### Task to complete:
Say how many lines in the records contain the string "tweet", giving the number by itself.

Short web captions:
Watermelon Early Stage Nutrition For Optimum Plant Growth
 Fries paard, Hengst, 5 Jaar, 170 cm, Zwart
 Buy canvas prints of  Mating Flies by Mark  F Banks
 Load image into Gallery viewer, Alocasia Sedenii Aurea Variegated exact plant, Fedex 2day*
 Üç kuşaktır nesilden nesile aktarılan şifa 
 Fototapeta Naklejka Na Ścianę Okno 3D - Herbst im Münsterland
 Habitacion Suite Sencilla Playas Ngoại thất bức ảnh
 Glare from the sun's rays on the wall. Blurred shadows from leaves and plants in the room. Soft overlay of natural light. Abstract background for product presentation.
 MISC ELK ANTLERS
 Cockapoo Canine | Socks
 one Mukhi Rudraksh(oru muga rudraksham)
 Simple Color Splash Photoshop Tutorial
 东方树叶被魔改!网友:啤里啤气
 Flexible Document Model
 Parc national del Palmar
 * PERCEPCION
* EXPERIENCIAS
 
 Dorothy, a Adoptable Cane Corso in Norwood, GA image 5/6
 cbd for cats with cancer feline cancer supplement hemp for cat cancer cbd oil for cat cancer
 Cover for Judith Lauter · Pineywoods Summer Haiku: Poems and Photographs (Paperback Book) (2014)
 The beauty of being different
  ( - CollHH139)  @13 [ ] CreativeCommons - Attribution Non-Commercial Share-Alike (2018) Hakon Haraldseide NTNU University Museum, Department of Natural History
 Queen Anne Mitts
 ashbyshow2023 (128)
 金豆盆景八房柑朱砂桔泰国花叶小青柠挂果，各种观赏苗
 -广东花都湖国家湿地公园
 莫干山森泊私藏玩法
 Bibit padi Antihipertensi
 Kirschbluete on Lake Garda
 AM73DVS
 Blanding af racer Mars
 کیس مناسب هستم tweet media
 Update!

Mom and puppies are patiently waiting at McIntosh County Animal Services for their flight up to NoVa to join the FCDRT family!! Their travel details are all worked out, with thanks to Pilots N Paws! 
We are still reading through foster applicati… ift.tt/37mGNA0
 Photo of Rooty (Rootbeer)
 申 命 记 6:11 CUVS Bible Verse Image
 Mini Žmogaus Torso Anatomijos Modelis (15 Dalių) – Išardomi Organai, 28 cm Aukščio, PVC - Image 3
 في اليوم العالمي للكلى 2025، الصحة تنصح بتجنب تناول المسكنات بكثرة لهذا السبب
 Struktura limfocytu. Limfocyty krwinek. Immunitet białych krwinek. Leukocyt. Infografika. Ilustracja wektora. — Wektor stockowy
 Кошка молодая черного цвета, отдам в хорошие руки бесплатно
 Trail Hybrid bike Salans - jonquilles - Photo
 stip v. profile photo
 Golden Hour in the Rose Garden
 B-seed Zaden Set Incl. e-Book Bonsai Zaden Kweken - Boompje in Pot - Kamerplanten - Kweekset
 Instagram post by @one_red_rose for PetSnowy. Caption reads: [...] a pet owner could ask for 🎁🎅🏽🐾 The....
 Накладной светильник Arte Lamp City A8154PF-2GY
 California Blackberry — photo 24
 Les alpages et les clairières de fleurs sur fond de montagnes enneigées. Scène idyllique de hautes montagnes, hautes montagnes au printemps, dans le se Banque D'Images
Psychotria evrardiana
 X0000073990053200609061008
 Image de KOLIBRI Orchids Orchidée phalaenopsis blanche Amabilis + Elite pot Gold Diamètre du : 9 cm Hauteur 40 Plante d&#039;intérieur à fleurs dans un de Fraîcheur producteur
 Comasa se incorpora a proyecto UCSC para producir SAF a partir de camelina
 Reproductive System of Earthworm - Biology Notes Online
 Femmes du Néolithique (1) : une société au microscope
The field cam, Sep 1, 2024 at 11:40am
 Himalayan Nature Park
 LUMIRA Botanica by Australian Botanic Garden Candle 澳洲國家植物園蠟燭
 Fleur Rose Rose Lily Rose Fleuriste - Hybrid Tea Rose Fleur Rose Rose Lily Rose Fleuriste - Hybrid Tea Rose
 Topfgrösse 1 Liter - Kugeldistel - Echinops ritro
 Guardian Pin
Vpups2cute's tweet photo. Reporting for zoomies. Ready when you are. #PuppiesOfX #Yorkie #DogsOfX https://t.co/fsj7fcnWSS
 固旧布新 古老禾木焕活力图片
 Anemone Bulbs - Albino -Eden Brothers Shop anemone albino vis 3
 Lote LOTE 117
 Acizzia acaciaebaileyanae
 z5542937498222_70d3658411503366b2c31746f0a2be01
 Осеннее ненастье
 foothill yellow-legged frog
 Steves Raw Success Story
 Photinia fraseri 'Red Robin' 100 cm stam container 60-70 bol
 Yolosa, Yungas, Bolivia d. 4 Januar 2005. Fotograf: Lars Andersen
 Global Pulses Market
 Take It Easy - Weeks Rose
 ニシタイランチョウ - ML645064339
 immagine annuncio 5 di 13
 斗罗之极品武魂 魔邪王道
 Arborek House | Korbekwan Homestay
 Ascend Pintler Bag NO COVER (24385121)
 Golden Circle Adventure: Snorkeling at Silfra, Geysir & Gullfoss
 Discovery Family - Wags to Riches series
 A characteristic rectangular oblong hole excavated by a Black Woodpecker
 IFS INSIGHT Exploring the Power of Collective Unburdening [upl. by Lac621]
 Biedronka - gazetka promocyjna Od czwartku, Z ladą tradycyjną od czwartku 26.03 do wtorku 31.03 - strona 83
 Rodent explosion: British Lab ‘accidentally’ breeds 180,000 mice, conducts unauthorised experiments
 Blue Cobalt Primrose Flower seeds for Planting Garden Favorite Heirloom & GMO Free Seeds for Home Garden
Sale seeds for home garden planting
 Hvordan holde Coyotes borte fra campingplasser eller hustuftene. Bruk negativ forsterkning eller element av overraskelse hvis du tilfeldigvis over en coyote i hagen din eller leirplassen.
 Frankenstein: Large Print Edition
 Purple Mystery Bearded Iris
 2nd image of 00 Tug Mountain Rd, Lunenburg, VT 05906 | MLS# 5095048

### Completed task:
2